Untuk diketahui, kepala wilayah non-sengketa batal dilantik pada 6 Februari 2025, imbas Mahkamah Konstitusi (MK) mempercepat penanganan PHPU pemilihan kepala daerah 2024. Dengan demikian, pemerintah melakukan penyesuaian jadwal pelantikan kepala tempat terpilih kembali.
“Kami akan mengundang Mendagri, KPU, Bawaslu, kemudian DKPP ke komisi II pada hari Hari Senin yang digunakan akan datang tanggal 3 februari 2025,” kata Ketua Komisi II DPR Muhammad Rifqinizamy Karsayuda, Hari Jumat (31/1/2025).
Secara pribadi, Komisi II DPR senang apabila pelantikan, baik meraka yang digunakan tiada berperkara maupun dia yang tersebut berperkara tapi ditolak sebab dissimisal mampu dilaksanakan secara serentak. Sebab, hal ini sesuai dengan keinginan pertimbangan hukum putusan MK Nomor 27 juga 46 Tahun 2024 yang mengisyaratkan pemilihan kepala daerah Serentak harus juga dibarengi adanya pelantikan serentak.

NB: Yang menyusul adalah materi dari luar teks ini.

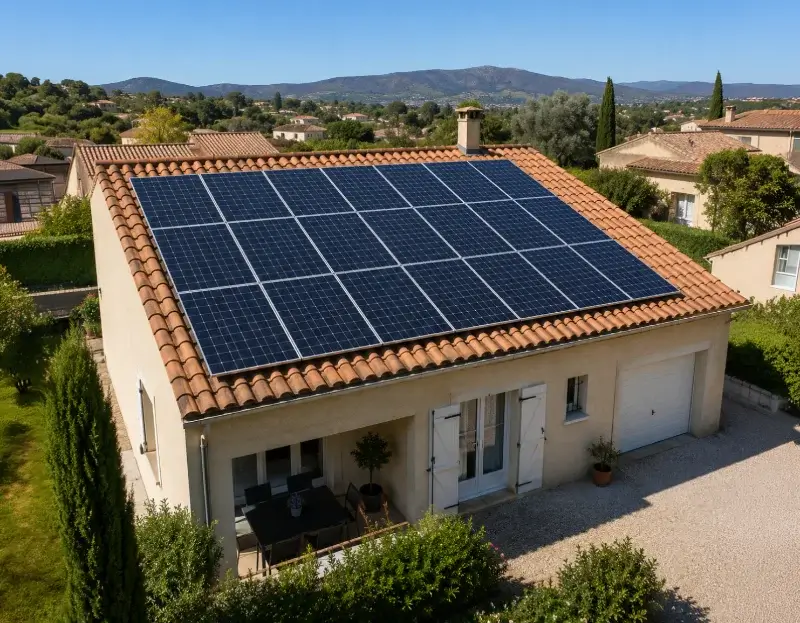 Prime à l'autoconsommation panneaux solaires Saint-Gilles — aide financière de l'État
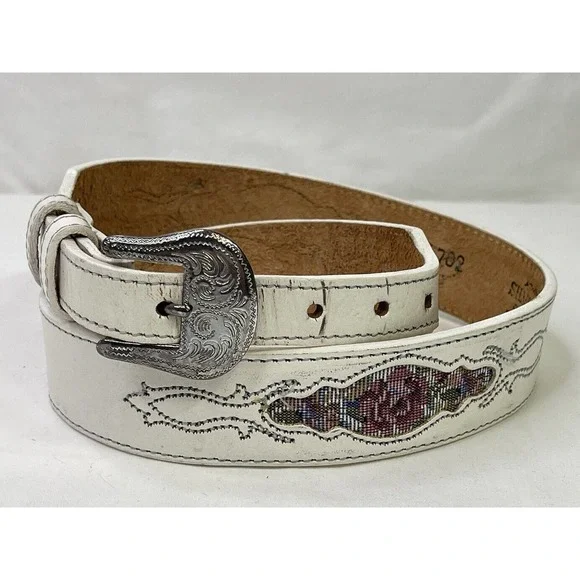 Silver Creek | Accessories | Silver Creek White Leather  display picture 3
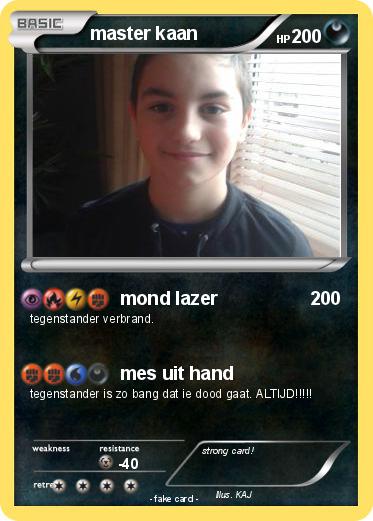 Pokemon master kaan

“Tetapi bagaimana keputusannya, kita tunggu Senin, 3 Februari 2025 di area RDP Komisi II DPR,” ucapnya.
Sementara itu, Mendagri Tito Karnavian menyampaikan, pihaknya akan menjelaskan waktu pelantikan kepala area terpilih pada forum raker sama-sama Komisi II DPR, Hari Senin (3/1/2025).
“Hari Mulai Pekan ada rapat kerja, sekalian nanti saya udah komunikasi dengan Ketua Komisi II DPR undangannya telah kami terima juga terus nanti Senin,” kata Mendagri Tito usai bertemu dengan jajaran Majelis Hakim MK, di area Gedung Mk, Ibukota Indonesia Pusat, hari terakhir pekan (31/1/2025).
Tito mengungkapkan, Presiden Prabowo Subianto telah terjadi memerintahkan agar pelantikan kepala wilayah dapat diproses secara cepat. Langkah ini bertujuan untuk memberikan kepastian hukum di tempat area juga agar kepala wilayah dapat segera bekerja untuk rakyat.